– «Божиею милостью мы, Петр Третий, император и самодержец всероссийский и прочая и прочая...»
Стало слышно, как дышит вокруг взволнованный народ да шелестят под легким ветром ближние осины. Выждав, Дубровский продолжал:
– «Жалуем сим именным указом, с монаршим и отеческим нашим милосердием, всем находящимся прежде в крестьянстве и подданстве помещиков, быть верноподданными рабами собственно нашей короне. И награждаем древним крестом и молитвою, головами и бородами, вольностью и свободою и вечно казаками, не требуя рекрутских наборов, подушных и прочих денежных податей. Такожде награждаем землями, лесами, сенокосными угодьями, рыбными ловлями, соляными озерами без покупки и без оброку и освобождаем от всех прежде чинимых от злодеев дворян, градских мздоимцев и судей крестьянам и всему народу налагаемых податей и отягощениев. Желаем вам спасения души и спокойной в свете жизни».
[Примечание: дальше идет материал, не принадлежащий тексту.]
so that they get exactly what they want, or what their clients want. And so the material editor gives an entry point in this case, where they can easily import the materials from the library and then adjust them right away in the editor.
Дубровский передохнул, вслушиваясь в незримую жизнь несметной людской громады. И он услышал, как плещется у берега бегучая вода, как взныривает-играет на приплеске рыба, а тут, рядом, пофыркивают голубыми плевочками четыре факела. Невольно он оглянулся на Пугачева и увидел, как вздымалась волною под парчовым полукафтаньем широкая его грудь, как горели его глаза, устремленные к людям, и тотчас, тайным чутьем, почувствовал: то, что хотел и не мог понять и подслушать он, Дубровский, слышал и понимал этот необычный человек в парче.
Встряхнувшись, Дубровский продолжал:
– «А как ныне имя наше властию всевышней десницы в России процветает, того ради повелеваем сим нашим именным указом: кои дворяне в своих поместьях и вотчинах находятся, оных, противников нашей власти, возмутителей и разорителей крестьян, ловить, казнить и вешать. И поступать равным образом так, как они, не имея в себе христианства, чинили со своими крестьянами. По истреблении которых противников и злодеев дворян, всякий может восчувствовать тишину, спокойную жизнь, кои до века продолжаться будут»[54].
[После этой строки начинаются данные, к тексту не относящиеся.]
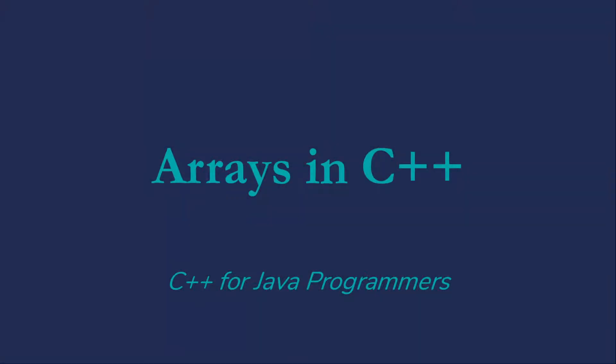Welcome to C++ for Java programmers. I'm Professor Kalin. In this video, I want to talk about arrays in C++.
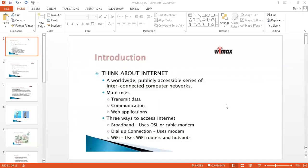Hi everyone. Today we are discussing the topic of WiMAX in mobile communication. In this introduction, WiMAX is used in the internet — it is a worldwide, publicly accessible series of interconnected computer networks. It can be mainly used to transmit data, communication, and web applications. These are the main uses of WiMAX.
Закончив, он опять оглянулся на Пугачева и услышал:
– Чти сызнова! Да появственней...
И вновь, смахнув пот со щек, Дубровский звонким, чистым голосом принялся вычитывать то, что было записано им самим, но что уже не принадлежало ему, как перестает принадлежать сеятелю зерно, отданное пашне.
Знаменитому пугачевскому секретарю всего больше по душе были заключительные строки о «тишине и спокойной жизни, кои до века продолжаться будут». Для царя и его советников этот день тишины и спокоя – лишь присказка к суровой правде о лесах и земле, о податях и помещиках-злодеях. Ну что ж, ведь та добрая присказка нужна страждущим людям, как нужна истомленному путнику на трудной его дороге думка о далекой обетованной стране, где ждет человека сладостный отдых. И не может быть, чтобы сирый народ не понял благостных слов о царстве тишины и спокоя.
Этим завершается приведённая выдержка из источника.